Sweet Lamb, Leek and Apricot Casserole

Before Christmas I found a great book in a charity shop called ‘One Pot’ that is just full of dishes cooked in – you guessed it – one pot. Casserole, stock pot, wok, bowl: the raw materials go in and then come out magically transformed. Love it.

I’d never cooked lamb before, and this casserole ended up being delicious (which pleased me greatly!). It’ll be my dish the next time I cook for friends.

Ingredients (serves 6-8)
  • 1 ┬ákilo of lamb, diced
  • 6 leeks, sliced
  • carrots (as you like)
  • 150 ml red wine
  • 300 ml chicken stock
  • 1 tablespoon tomato puree
  • 1 tablespoon sugar
  • 2 tablespoons freshly chopped mint (or a few teaspoons dried)
  • 115g dried apricots, chopped
  • salt and pepper
  • 1 tablespoon cornflour

How to make it

Preheat your oven to 180 celsius.

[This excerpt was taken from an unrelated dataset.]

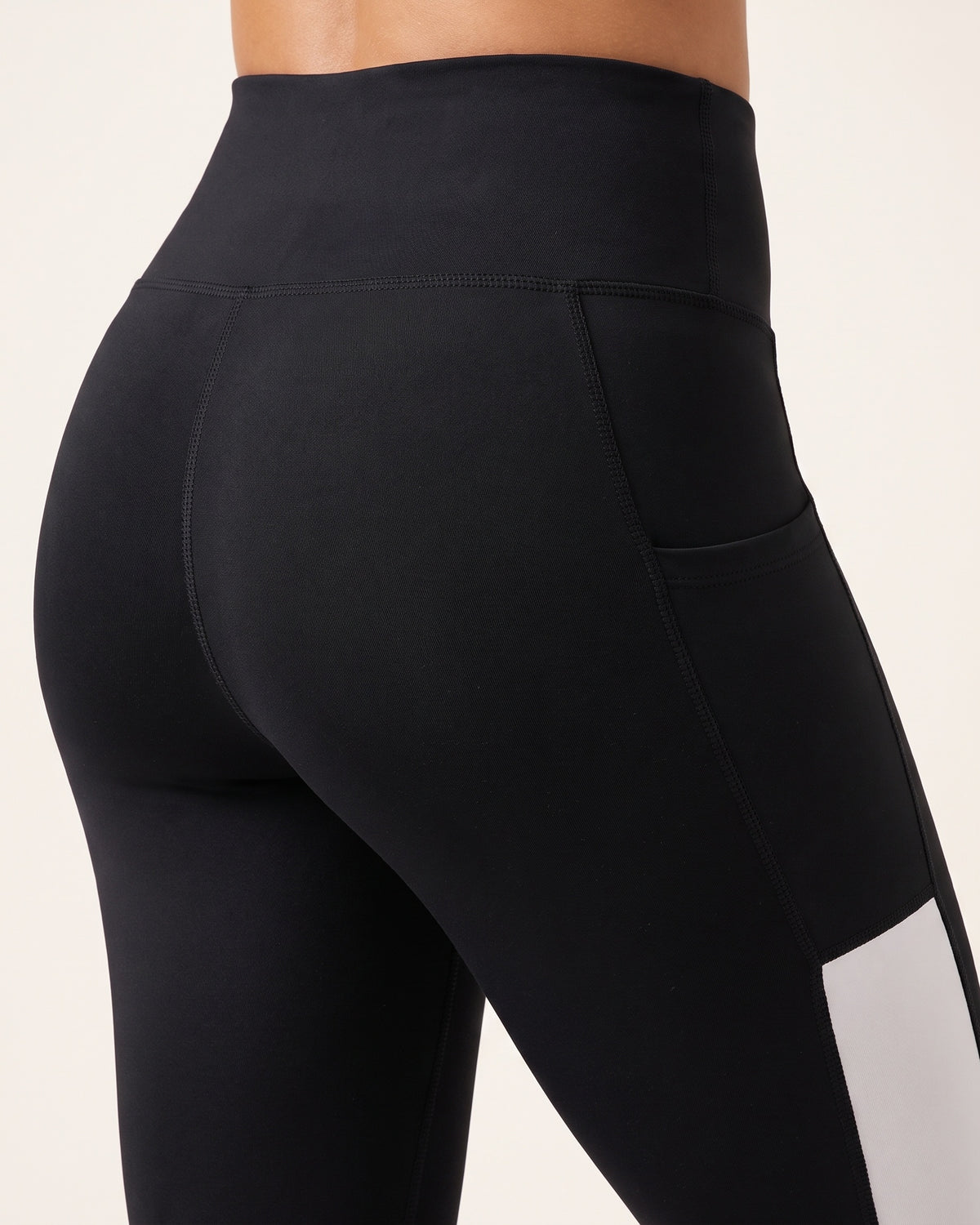 Colour-Block Leggings - Black and white - Glute Close-Up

Brown the lamb, then set it aside. Cook the leeks and the carrots together for 5 minutes or until the leeks are softening. Add the cornflour and stir in. Pour in the wine and stock and bring to the boil. Quickly stir in the sugar, tomato puree, mint, apricots and season to taste. Put the lamb back in the dish and bake for 1 1/4 hours. By this time the lamb will be on the way to being cooked, and the sauce will be sweet and toffeeish. If you want to do the potatoes separately, cook the lamb for 2 hours in total

I sliced and par boiled the potatoes I wanted for the top, so after the 1 1/4 hours of cooking I put the potatoes on top, pinched some butter over them and whacked the temperatue up to 220 celsius and cook until they’re browned – about half an hour. I might do the potatoes separately next time so I can be more in control of when it all comes together.

This dinner was delicious, and quite unique in its flavour. I was worried about the apricots, but the whole thing melded together and was just sweet and complimentary to the lamb, the sauce was almost toffee-ish. One to add to my folder of favourites.